Use of captions as text proxies for video in the training set means the model did not truly "consume" video signals, potentially limiting the upper bound of injected capabilities; absolute scores for IF-Captioner-Qwen remain low.
Future directions should pursue both "descriptive richness" and "instruction fidelity" simultaneously. How to fuse these within a single model remains an open question.

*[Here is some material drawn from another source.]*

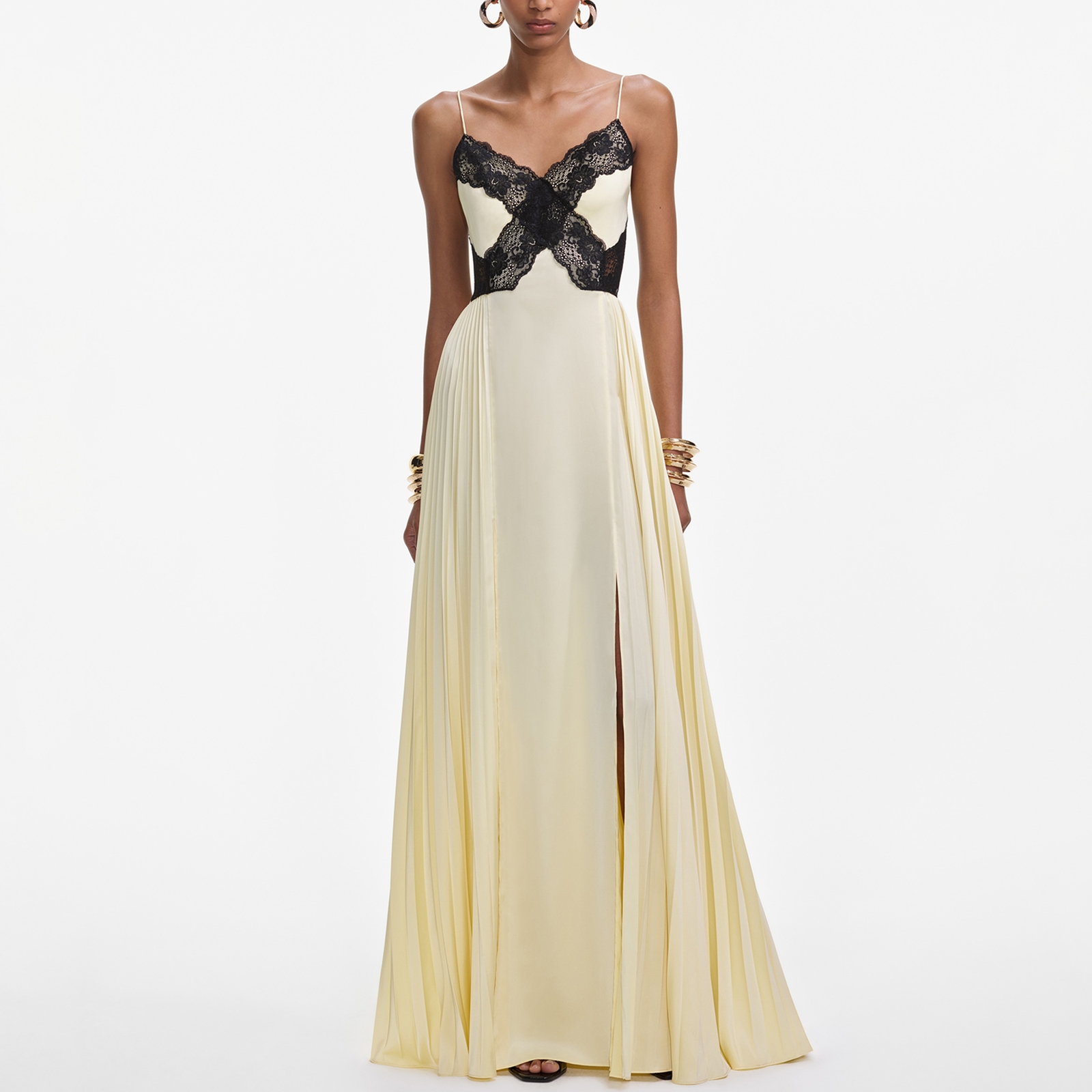 Self-Portrait Satin Guipure Lace Maxi Dress - UK 14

Text Instruction Following Benchmarks: IFEval, CELLO, FollowBench, etc. IF-VidCap introduces the video modality and expands in scale (1,400), complexity (6 constraints avg), and content diversity.
Video Captioning Benchmarks: CapsBench, CaReBench, etc. These mostly evaluate via fixed quality standards (accuracy/detail). IF-VidCap shifts the focus from "dense captioning" to "fine-grained instruction following" with longer videos (20.5s).
Insight: Controllable generation evaluation is transitioning from "quality assessment" to "controllability assessment." The hybrid "rule determinism + LLM adaptability" approach is a pragmatic route for handling composite constraints and can be migrated to controllable evaluation for other modalities like image or audio.

Rating¶

Novelty: ⭐⭐⭐⭐ First video captioning instruction-following benchmark; systematic migration of the text IF paradigm with decoupled metrics.
Experimental Thoroughness: ⭐⭐⭐⭐ Covers 26 models + human baseline; multi-dimensional analysis of constraints, length, frames, resolution, and judge consistency.
Writing Quality: ⭐⭐⭐⭐ Smooth logic from motivation to framework to metrics to experiments; high information density in charts and tables.
Value: ⭐⭐⭐⭐ Highlights the counter-intuitive collapse of dense specialized models under constraints, offering clear guidance for training objectives.